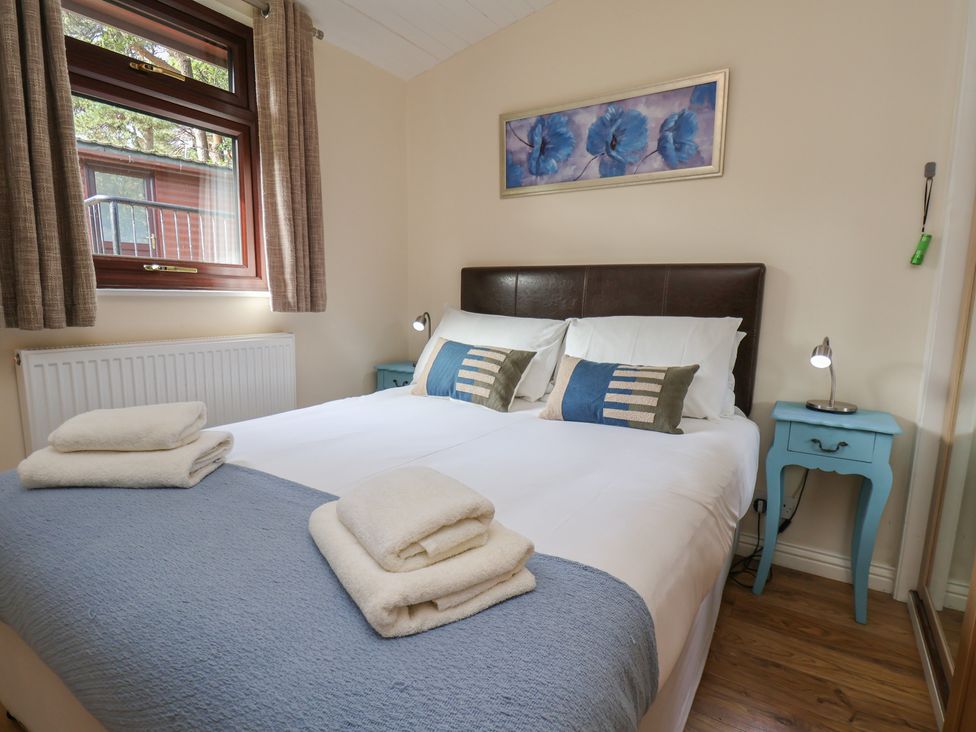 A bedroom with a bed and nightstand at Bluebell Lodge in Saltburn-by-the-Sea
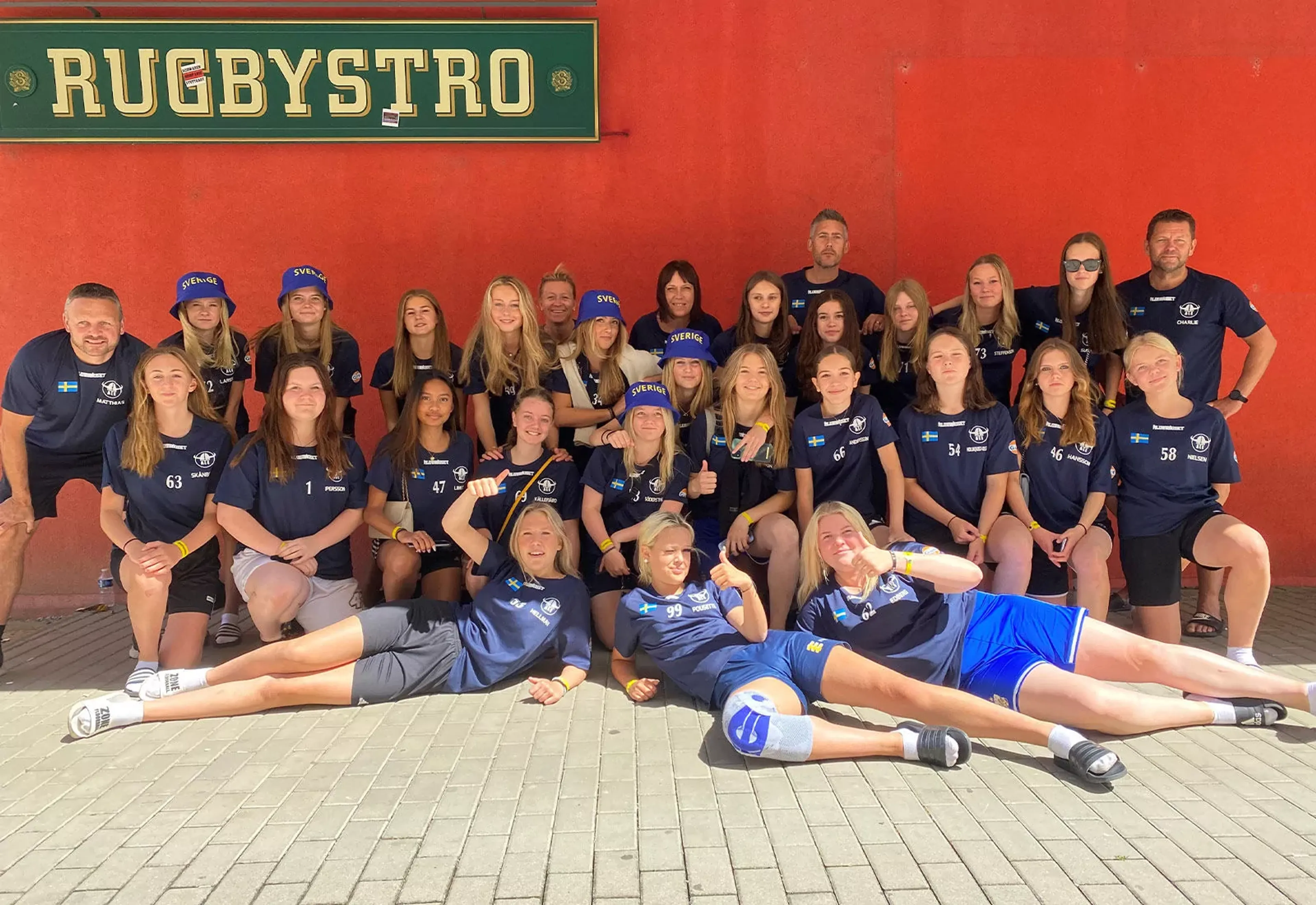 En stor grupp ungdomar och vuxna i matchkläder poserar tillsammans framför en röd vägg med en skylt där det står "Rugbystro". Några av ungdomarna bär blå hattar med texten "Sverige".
...
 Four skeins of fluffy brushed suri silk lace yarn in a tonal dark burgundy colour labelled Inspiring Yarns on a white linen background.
* * *
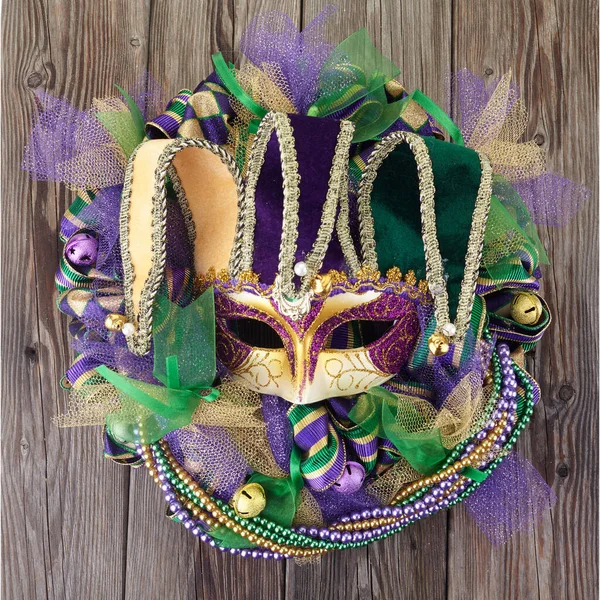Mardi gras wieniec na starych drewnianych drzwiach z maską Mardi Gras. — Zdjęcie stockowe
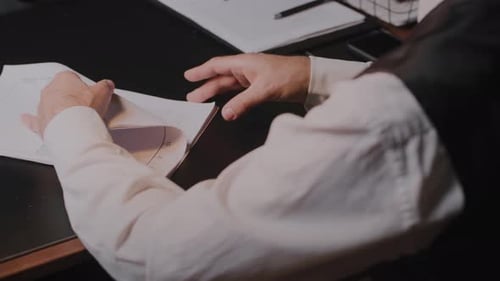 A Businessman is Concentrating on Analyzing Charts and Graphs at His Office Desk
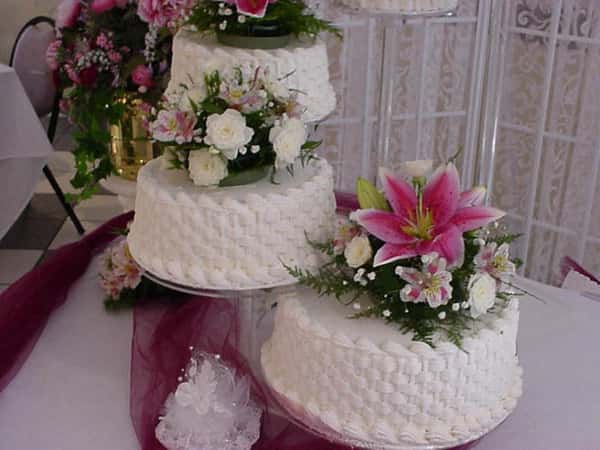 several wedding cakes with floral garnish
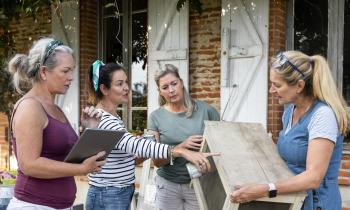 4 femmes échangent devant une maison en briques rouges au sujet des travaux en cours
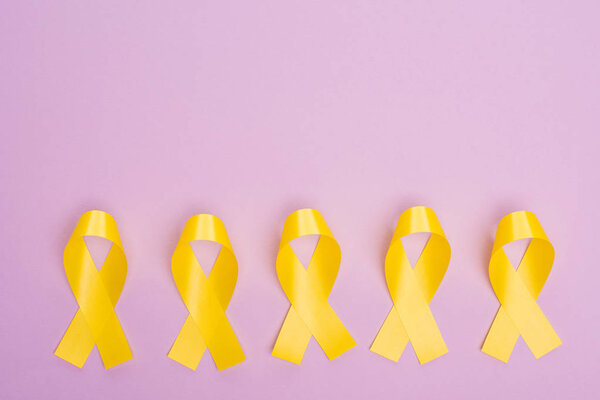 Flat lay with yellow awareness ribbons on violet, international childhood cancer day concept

## Your task
Using the data above, retype exactly and only the lines from the one containing "A Businessman is" up to and including the one containing "4 femmes échangent", with no pictures carried over.

## Answer to the exercise
 A Businessman is Concentrating on Analyzing Charts and Graphs at His Office Desk
 several wedding cakes with floral garnish
 4 femmes échangent devant une maison en briques rouges au sujet des travaux en cours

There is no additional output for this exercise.